Without help from a vet, it can be hard to tell if a Chihuahua has a Molera. But you can feel your Chihuahua’s head to see if it has it. A doctor can take an X-ray to measure the size of the hole for a more accurate assessment.
Follow these steps to see if your Chihuahua has a Molera on your own:
- Ask your Chihuahua to sit on your lap.
- To find the “stop” on your Chihuahua, just put your middle finger between its eyes and nose.
- Gently pet your Chihuahua’s head with your index finger.
- If your Chihuahua has a Molera, you’ll see a hole or hollow where the brain hasn’t fully formed.
- It’s important to know where the Molera is because it needs to be protected from any blows.
Is This Condition Common In All Chihuahuas?
Moleras are common in Chihuahuas, and about 80% of all newborn puppies get them. The disease is so common that it is written into the breed standards for Chihuahuas by the most important dog groups in the world.
In the early days of the Chihuahua breed, soft spots (Moleras) were a common way to keep the dog’s weight between 2 and 4 pounds. Due to the preference for smaller Chihuahuas, this led to more Moleras, and this choice lasted until the mid-1970s.
How Canine Organizations See This Condition In Chihuahuas?
In 1923, the American Kennel Club (AKC) made rules for Chihuahuas, one of which was that they had to have a hole in their head called a Molera. Without this trait, Chihuahuas couldn’t compete and win awards for appearance. But the AKC changed its rules later and no longer needs this physical trait.
Find out what the most important dog groups in the world say about the Chihuahua’s Molera in their breed standards:
- The American Kennel Club (AKC) says that Chihuahuas should have a head in the shape of an apple, with or without a soft spot.
- The United Kennel Club (UKC) won’t let Chihuahuas compete if they have an open fontanel, also called a “Molero” or “hole in the middle of the skull.”
- The Canadian Kennel Club (CKC) wants a dog’s head to be in the shape of an apple, with or without a soft spot.
- The Fédération Cynologique Internationale (FCI) says that a well-rounded apple head is a good trait for a chihuahua dog breed. But Chihuahuas with an open fontanel aren’t allowed to enter the show.

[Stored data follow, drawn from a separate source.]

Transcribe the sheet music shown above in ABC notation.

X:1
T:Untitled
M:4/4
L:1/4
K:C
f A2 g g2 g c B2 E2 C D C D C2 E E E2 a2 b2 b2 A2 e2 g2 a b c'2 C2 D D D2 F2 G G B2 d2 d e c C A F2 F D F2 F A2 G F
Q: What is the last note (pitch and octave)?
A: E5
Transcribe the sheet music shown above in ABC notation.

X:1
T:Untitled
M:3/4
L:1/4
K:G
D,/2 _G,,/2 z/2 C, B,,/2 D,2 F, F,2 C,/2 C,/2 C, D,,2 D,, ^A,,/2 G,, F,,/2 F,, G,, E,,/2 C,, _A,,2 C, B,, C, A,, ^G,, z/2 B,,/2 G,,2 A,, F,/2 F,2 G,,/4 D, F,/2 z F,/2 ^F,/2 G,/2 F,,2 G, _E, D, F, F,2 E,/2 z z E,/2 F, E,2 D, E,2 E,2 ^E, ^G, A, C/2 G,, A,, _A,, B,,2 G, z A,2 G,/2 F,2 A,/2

AKC and CKC Chihuahua breed standards do not put the Molera at the top of the list for grooming shows. So, Chihuahuas can fight whether or not they have this spot. The UKC and FCI, on the other hand, think that Moleras is a mistake. So, Chihuahuas who have Moleras aren’t allowed to compete in these events.
As said earlier Moleras are on Chihuahuas for the same reason that fontanelles are on babies: It helps the baby’s head move through the birth canal more easily.
Because Chihuahuas have a big head and a small waist, it can be hard for them to give birth. The Molera, on the other hand, helps by briefly bending the pup’s head so it can fit through the birth canal.
You can’t know when or even if the Molera for your Chihuahua will close. Statistics show that about half of all Chihuahuas born with this trait have Moleras that close all the way.
Usually, as a puppy grows up, his head slowly joins together. But it could take anywhere from three months to three years, or even never, for the Molera to fully close. If a Chihuahua’s Molera doesn’t close all the way, it will probably get smaller as cartilage pulls the parietal and frontal skeletal plates together.